Se inicia un debate

Por estos días se discute —no sólo a nivel institucional, sino en muchos sectores académicos— lo que el senador de la U Roy Barreras dio en llamar “la llave para la paz”. Un mecanismo jurídico, de raigambre constitucional, que fija los lineamientos para realizar un proceso de diálogo y justicia transicional.

A juicio de sus creadores, la norma tiene por objeto unificar desde la Constitución las bases para realizar eventuales leyes de desarme, verdad y reparación a las víctimas.

La propuesta ha tenido tanto detractores como promotores. De un lado están quienes dicen que el instrumento es innecesario, puesto que las leyes de este tipo se han hecho en Colombia sin la necesidad del artículo propuesto; que no es conveniente que algunos procesos se lleven por mecanismos no judiciales, dejando ante los tribunales sólo a los delincuentes más responsables; y que la facultad “discrecional” del Gobierno de poder decir quiénes pueden recobrar derechos políticos puede llevar a muchos problemas de legitimidad. Por el otro lado se dice que la legislación para la paz, hasta hoy, es incoherente; sin un marco bajo el cual cumplirse; que los mecanismos no judiciales son aplicados en muchas partes del mundo para estos procesos y que la facultad del Gobierno tendría cuidado de no violar el derecho internacional.

Junto con éste, otro tema se puso en el foco de la escena por cuenta de una de las ya famosas declaraciones del vicepresidente Garzón: incluir —porque el texto del proyecto lo permite para “las distintas partes que hayan participado en las hostilidades”— a los miembros de la Fuerza Pública que estén comprometidos en violaciones de derechos humanos. Es decir, una suerte de Justicia y Paz, pero para las fuerzas del Estado. Así como los alzados en armas tienen beneficios, dicen los promotores, la otra cara del conflicto debería tenerlos también.

Tremendo debate que, como es lógico, ha desatado una serie de ataques a dicha consideración. Angelino Garzón ha dicho que, pese a las altas responsabilidades que cobijan a militares por ser ellos representantes de la seguridad del Estado, no puede obviarse la posibilidad de perdonarlos por sus errores. Para otros, la desmovilización no puede predicarse de miembros de las Fuerzas Armadas, por ser éste un contrasentido. Además a ellos, dicen, debería aplicárseles la ley de una manera más estricta por su misma condición.

¿Y la verdad histórica? La ventaja de un eventual proceso de este tipo es que muchos de los sucesos que permanecen en la oscuridad, y en los que algunos miembros de la Fuerza Pública están inmiscuidos, podrían llegar a aclararse con más facilidad.

Más allá de lo conveniente de la reforma, y de las críticas que a nivel jurídico suscite, el instrumento que se pretende incluir en la Constitución es apenas una puerta abierta. Una posibilidad de que miembros de todo tipo se incluyan en un eventual proceso de paz. Para un debate mucho más nutrido falta esperar a la materialidad del hecho —que uno de los actores se entregue— y resolver las siguientes preguntas: ¿Para qué puede servir? ¿Bajo qué condiciones se va a hacer? ¿Cuáles son las ganancias de parte?

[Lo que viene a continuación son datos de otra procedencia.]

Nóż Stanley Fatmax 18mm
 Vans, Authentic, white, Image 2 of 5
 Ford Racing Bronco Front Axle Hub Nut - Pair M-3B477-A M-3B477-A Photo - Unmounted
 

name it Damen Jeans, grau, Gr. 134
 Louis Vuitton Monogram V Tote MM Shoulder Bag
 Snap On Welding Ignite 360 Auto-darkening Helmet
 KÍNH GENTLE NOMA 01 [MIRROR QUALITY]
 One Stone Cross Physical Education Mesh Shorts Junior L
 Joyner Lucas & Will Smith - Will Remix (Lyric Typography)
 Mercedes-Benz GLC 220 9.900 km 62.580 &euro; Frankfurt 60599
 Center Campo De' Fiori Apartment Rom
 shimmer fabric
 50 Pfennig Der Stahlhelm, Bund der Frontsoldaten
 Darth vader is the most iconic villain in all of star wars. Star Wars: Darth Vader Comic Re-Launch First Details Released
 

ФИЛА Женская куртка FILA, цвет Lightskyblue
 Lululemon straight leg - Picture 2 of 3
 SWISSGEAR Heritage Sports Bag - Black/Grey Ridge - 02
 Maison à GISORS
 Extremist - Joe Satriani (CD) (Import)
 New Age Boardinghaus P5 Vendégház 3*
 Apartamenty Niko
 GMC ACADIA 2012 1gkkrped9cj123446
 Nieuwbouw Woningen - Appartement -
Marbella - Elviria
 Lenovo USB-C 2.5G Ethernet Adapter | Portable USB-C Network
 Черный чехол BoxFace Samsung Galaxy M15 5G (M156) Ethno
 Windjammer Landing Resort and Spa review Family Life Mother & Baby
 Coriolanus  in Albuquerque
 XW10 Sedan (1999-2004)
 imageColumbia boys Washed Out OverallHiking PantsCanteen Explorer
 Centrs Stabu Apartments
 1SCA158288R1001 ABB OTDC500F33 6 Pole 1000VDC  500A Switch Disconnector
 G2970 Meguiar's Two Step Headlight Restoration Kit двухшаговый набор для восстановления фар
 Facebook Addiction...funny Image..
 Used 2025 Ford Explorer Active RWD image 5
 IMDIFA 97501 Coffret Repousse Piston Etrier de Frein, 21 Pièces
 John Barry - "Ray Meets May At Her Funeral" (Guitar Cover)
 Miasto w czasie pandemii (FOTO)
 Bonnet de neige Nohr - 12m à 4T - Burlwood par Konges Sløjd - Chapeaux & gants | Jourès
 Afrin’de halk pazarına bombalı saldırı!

En el momento en que un grupo cualquiera decida “desmovilizarse”, tendrá que integrarse inmediatamente un comité de expertos en el tema de justicia transicional que sepa dar las respuestas más pertinentes al tema. No sólo de los grupos alzados en armas, sino de los agentes del Estado: medir esa posibilidad con un rasero distinto, invocando razones exclusivas para su tratamiento, teniendo en cuenta su función de servidores públicos y evitando la impunidad al máximo. La viabilidad de la propuesta dependerá no sólo de la simple voluntad —muy importante en todo caso—, sino del esquema mismo que se plantee en su momento.